Chapter 5. Remote JNDI lookup

5.1. Registering Objects to JNDI

The Java Naming and Directory Interface (JNDI) is a Java API for a directory service that allows Java software clients to discover and look up objects using a name.

If an object registered to JNDI needs to be looked up by remote JNDI clients, for example clients that run in a separate JVM, then it must be registered under the java:jboss/exported context.

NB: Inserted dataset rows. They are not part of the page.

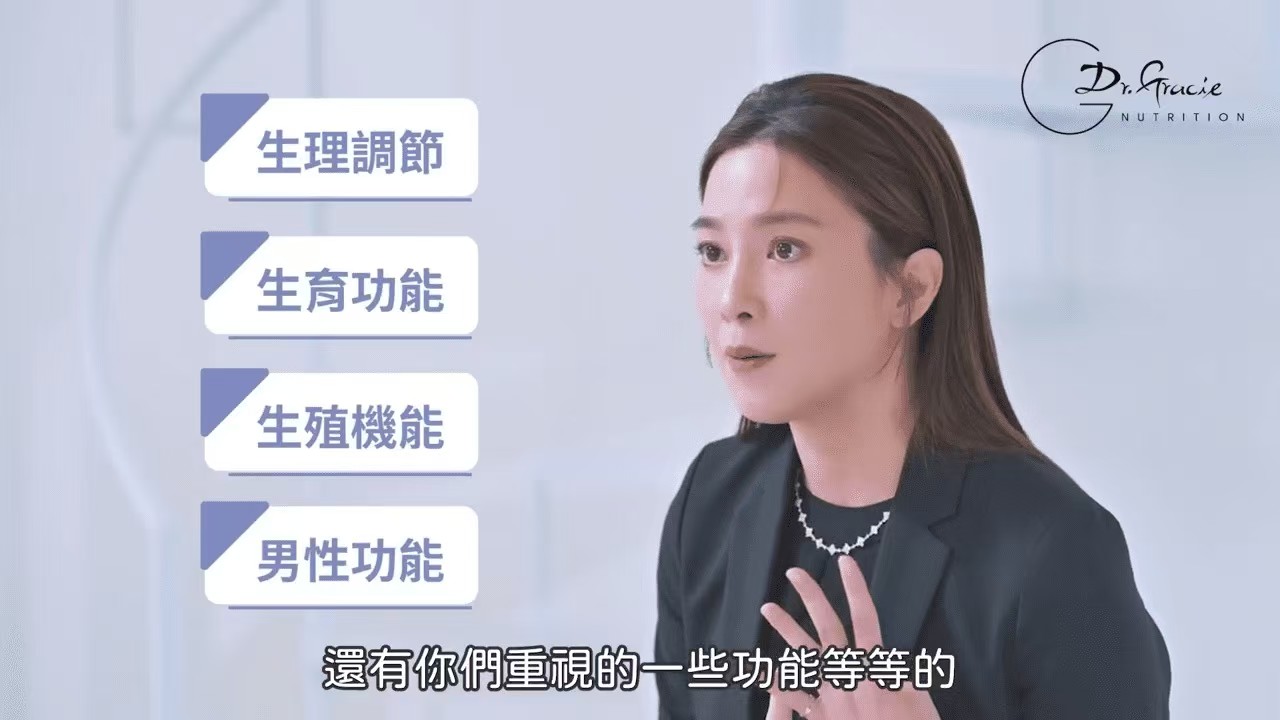 1740649017678148.jpg 21eb9e6749cf7c52a44d2dc4e4d1808.jpg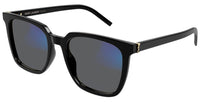 Saint Laurent Monogram SL M146 Sunglasses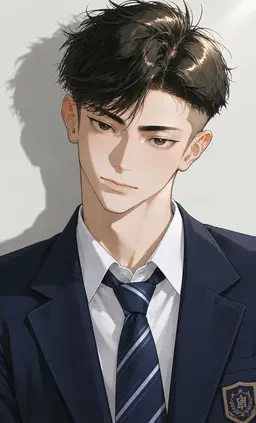Profile image of 타카하시 켄타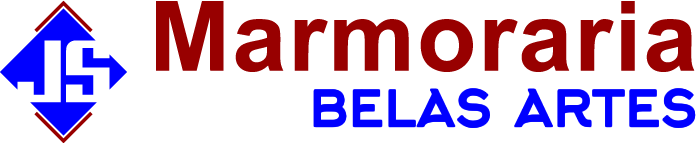 Marmoraria Belas Artes - Querência MT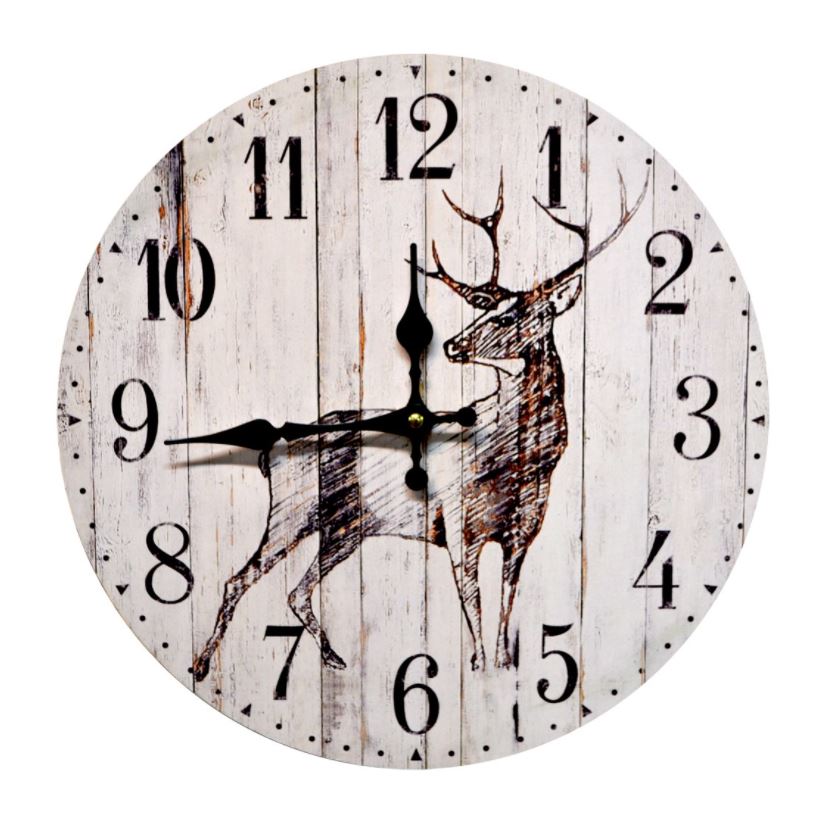 nostalgia,-horloge-avec-cerf-721-025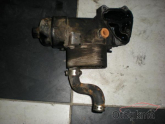 Oto Çıkma Parça / Mekanik / Gaz Teli / Kia / Cerato / Çıkma Parça 
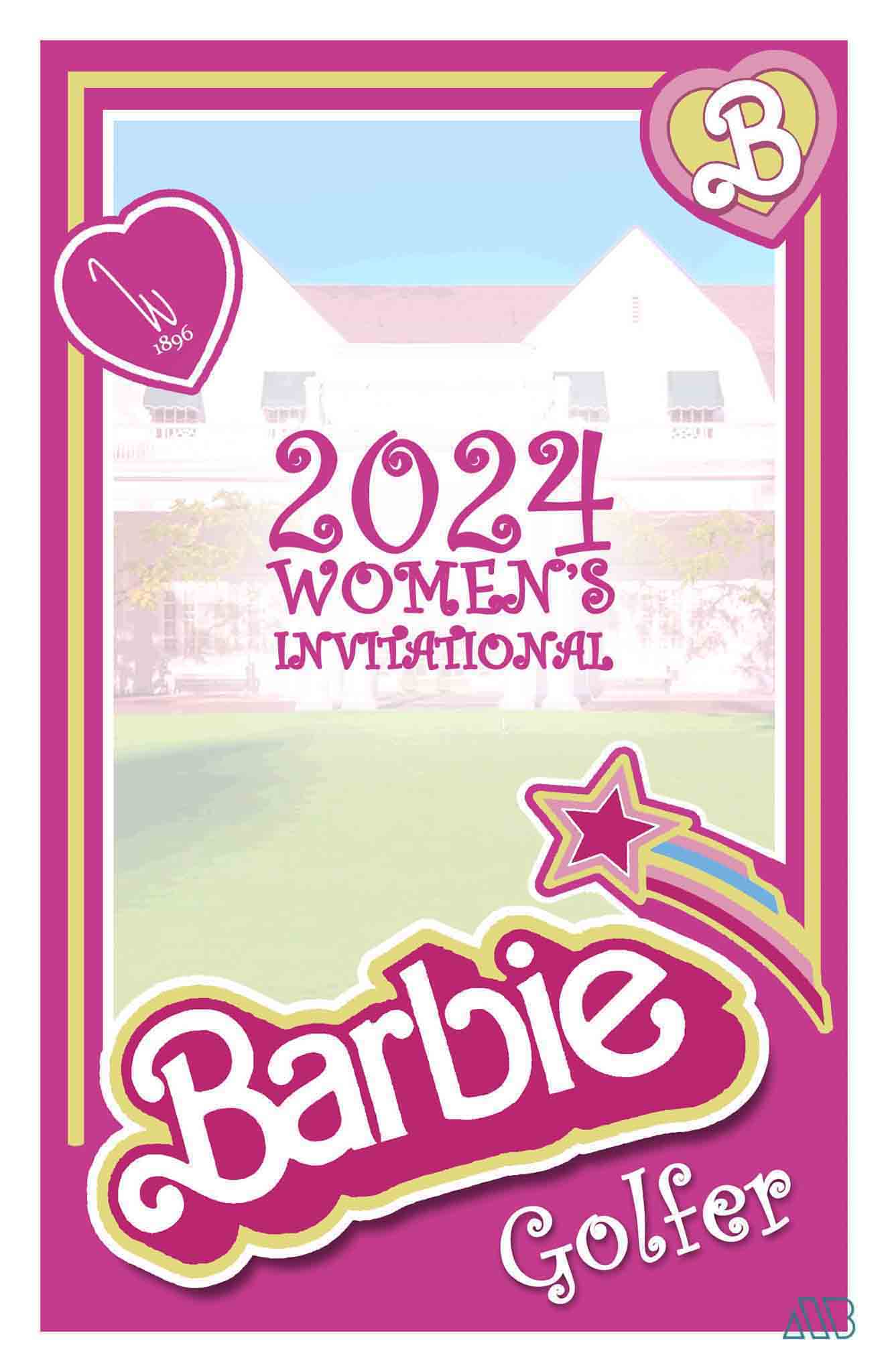 Waverley graphic design piece 70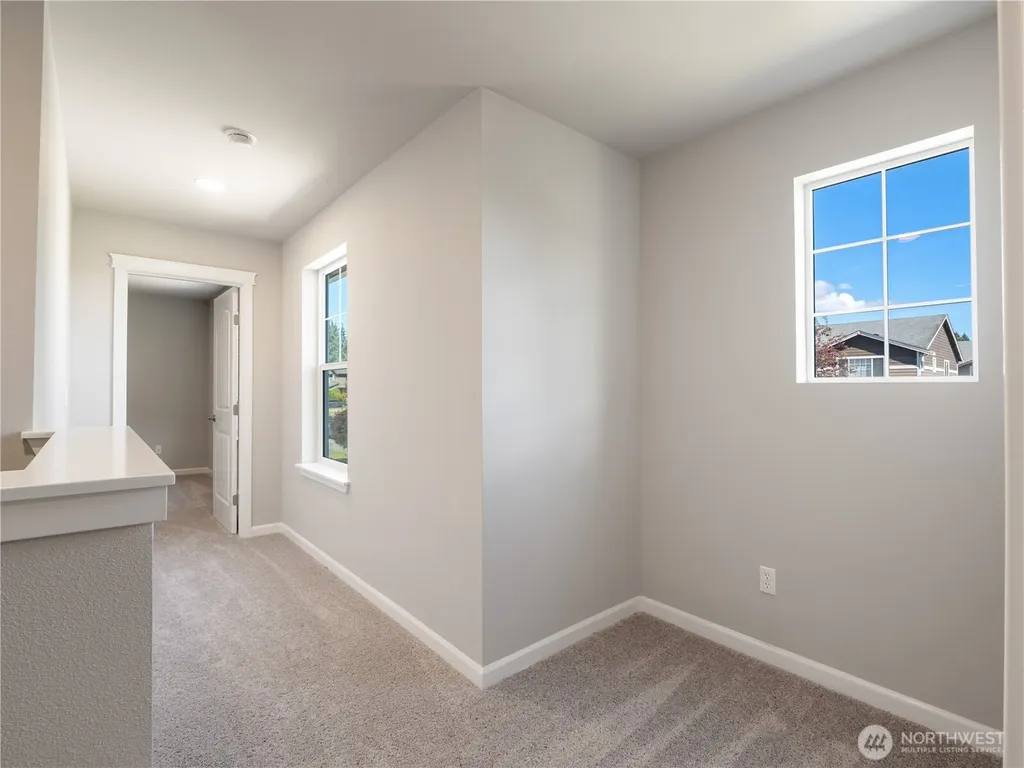 9824 198th Street E Graham WA 98338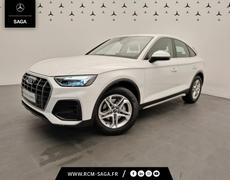Audi Q5 Villeneuve-d'Ascq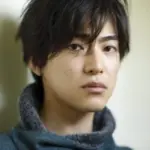 Shunsuke Daitoh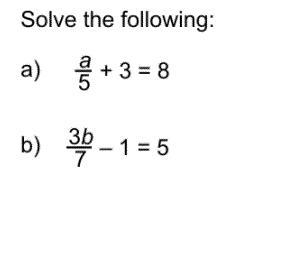 Help me with this guys-example-1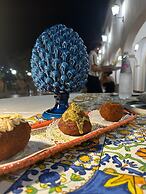 Al Balhara Resort & Spa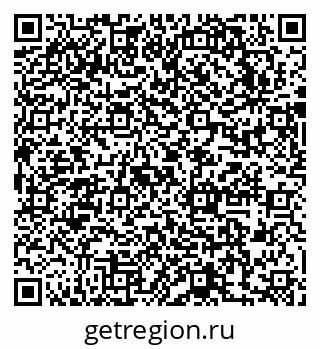 79631741897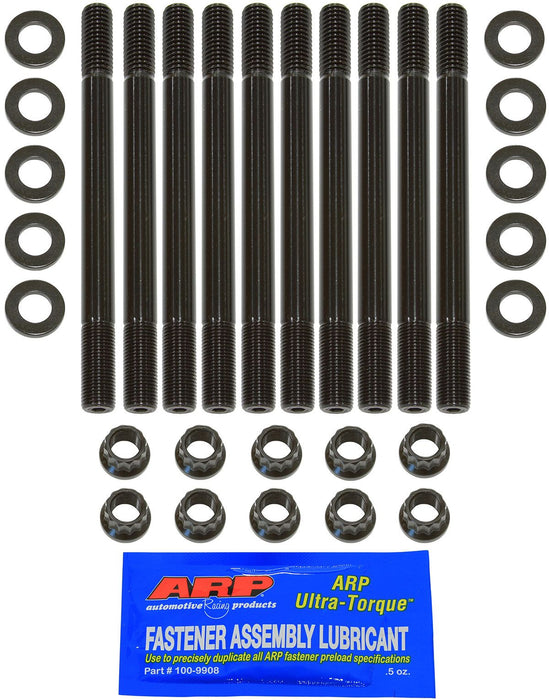 Head Stud Kit, 12-Point Nut AR9994220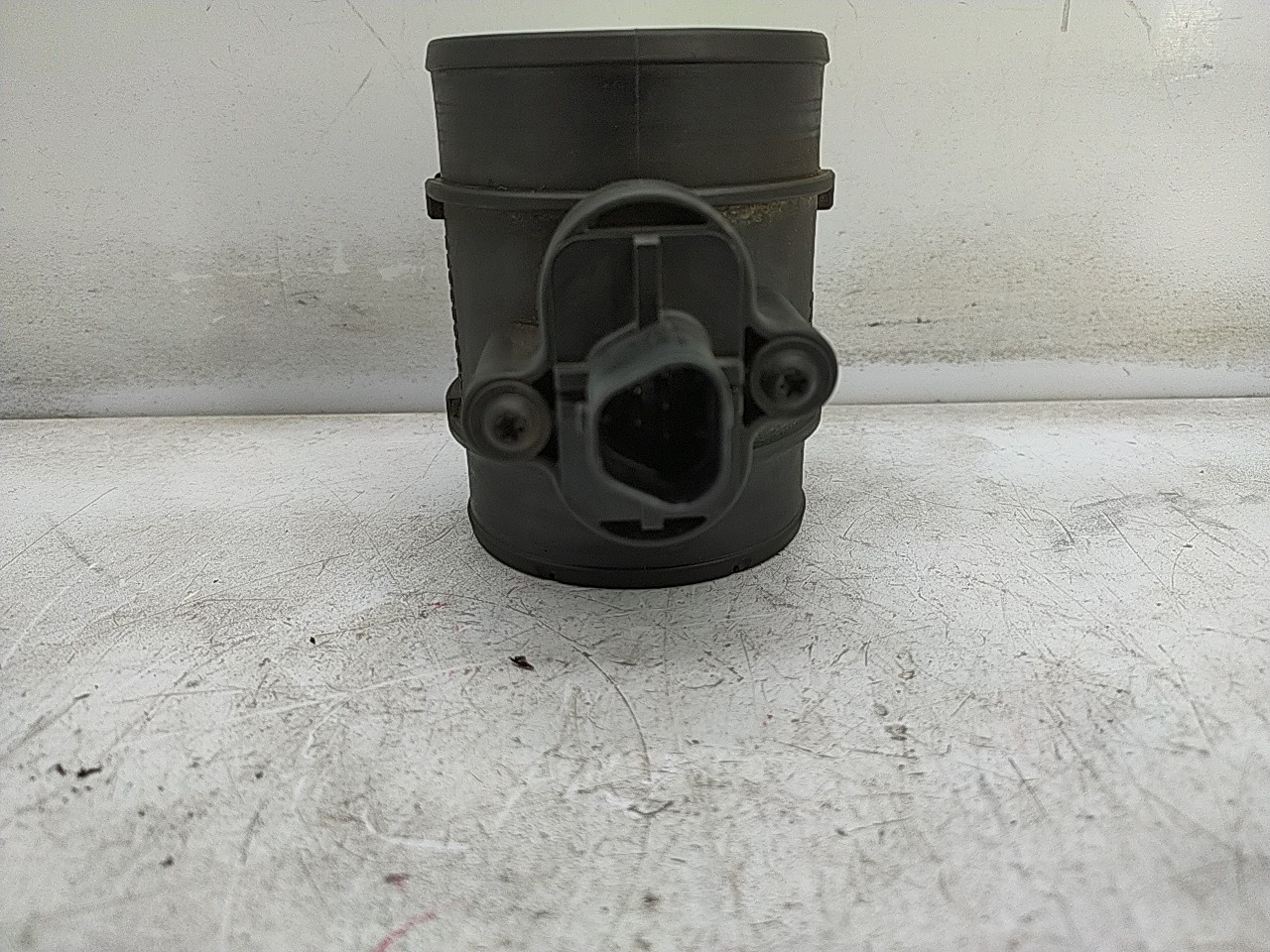 Medidor de massa de ar (20276414).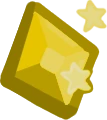 boost_yellow emote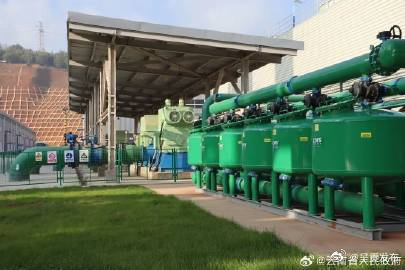 全球最大锂电池负极材料工厂在昆投产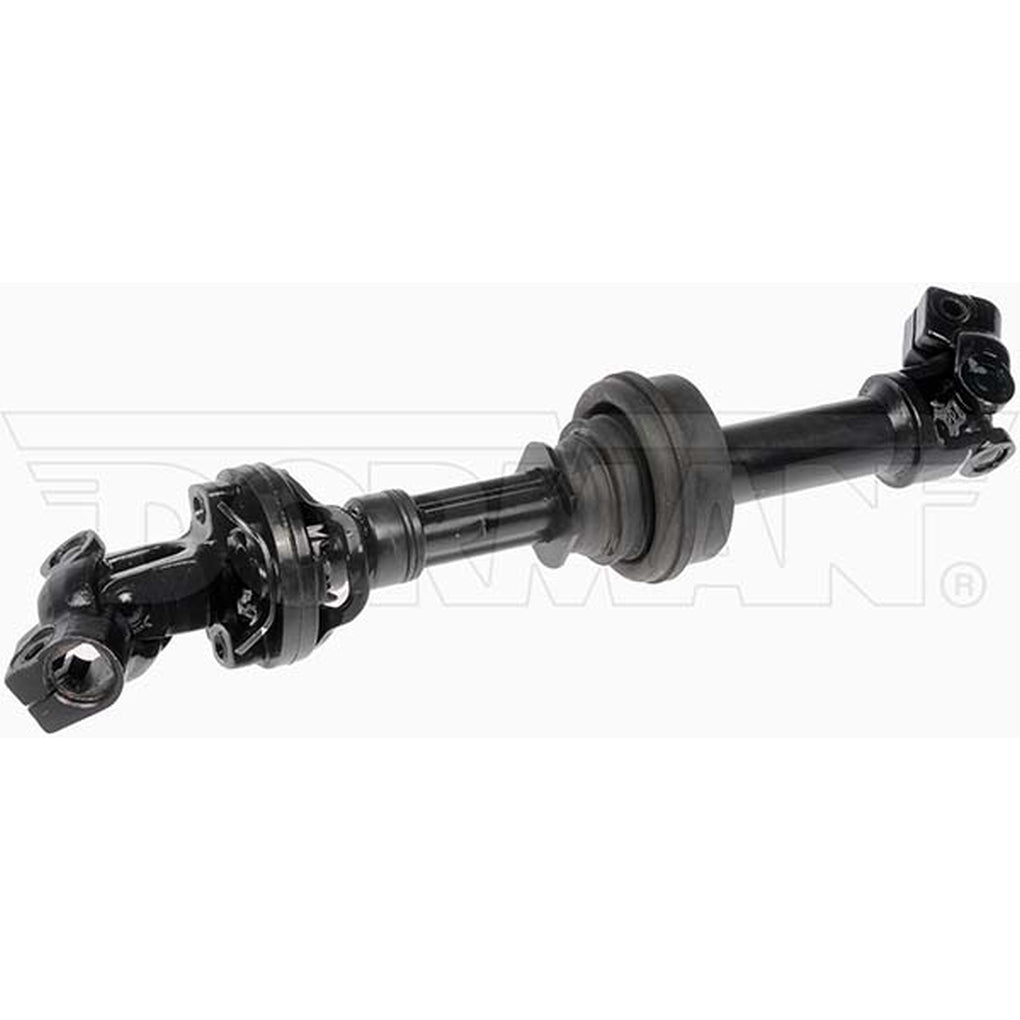 Dorman 425-338 Lower Steering Shaft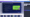 Viewing the Slide Settings on the Jotform AI Agent Builder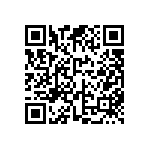 FW-05-05-G-D-333-160 QRCode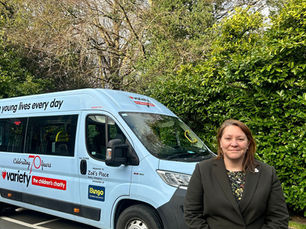 Zoes Place - Normanby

For example, if a JMS queue in the messaging-activemq subsystem must be exposed for remote JNDI clients, then it must be registered to JNDI using java:jboss/exported/jms/queue/myTestQueue. The remote JNDI client can then look it up by the name jms/queue/myTestQueue.

Example: Configuration of the Queue in standalone-full(-ha).xml

<subsystem xmlns="urn:jboss:domain:messaging-activemq:4.0">
  <server name="default">
    ...
    <jms-queue name="myTestQueue" entries="java:jboss/exported/jms/queue/myTestQueue"/>
    ...
  </server>
</subsystem>

5.2. Configuring Remote JNDI

A remote JNDI client can connect and look up objects by name from JNDI. To use a remote JNDI client to look up objects, it must have the jboss-client.jar in its class path. The jboss-client.jar is available at EAP_HOME/bin/client/jboss-client.jar.

The following example shows how to look up the myTestQueue queue from JNDI in a remote JNDI client:

Example: Configuration for an MDB Resource Adapter

Properties properties = new Properties();
properties.put(Context.INITIAL_CONTEXT_FACTORY, "org.wildfly.naming.client.WildFlyInitialContextFactory");
properties.put(Context.PROVIDER_URL, "remote+http://HOST_NAME:8080");
context = new InitialContext(properties);
Queue myTestQueue = (Queue) context.lookup("jms/queue/myTestQueue");

5.3. JNDI Invocation Over HTTP

JNDI invocation over HTTP includes two distinct parts: the client-side and the server-side implementations.

5.3.1. Client-side Implementation

The client-side implementation is similar to the remote naming implementation, but based on HTTP using the Undertow HTTP client.

Connection management is implicit rather than direct, using a caching approach similar to the one used in the existing remote naming implementation. Connection pools are cached based on connection parameters. If they are not used in the specified timeout period, they are discarded.

In order to configure a remote JNDI client application to use HTTP transport, you must add the following dependency on the HTTP transport implementation:

<dependency>
    <groupId>org.wildfly.wildfly-http-client</groupId>
    <artifactId>wildfly-http-naming-client</artifactId>
</dependency>

To perform the HTTP invocation, you must use the http URL scheme and include the context name of the HTTP invoker, wildfly-services. For example, if you are using remote+http://localhost:8080 as the target URL, in order to use HTTP transport, you must update this to http://localhost:8080/wildfly-services.

5.3.2. Server-side Implementation

The server-side implementation is similar to the existing remote naming implementation but with an HTTP transport.

In order to configure the server, you must enable the http-invoker on each of the virtual hosts that you wish to use in the undertow subsystem. This is enabled by default in the standard configurations. If it is disabled, you can re-enable it using the following management CLI command:

/subsystem=undertow/server=default-server/host=default-host/setting=http-invoker:add(http-authentication-factory=myfactory, path="/wildfly-services")

The http-invoker attribute takes two parameters: a path that defaults to /wildfly-services and an http-authentication-factory that must be a reference to an Elytron http-authentication-factory.

Note

Any deployment that aims to use the http-authentication-factory must use Elytron security with the same security domain corresponding to the specified HTTP authentication factory.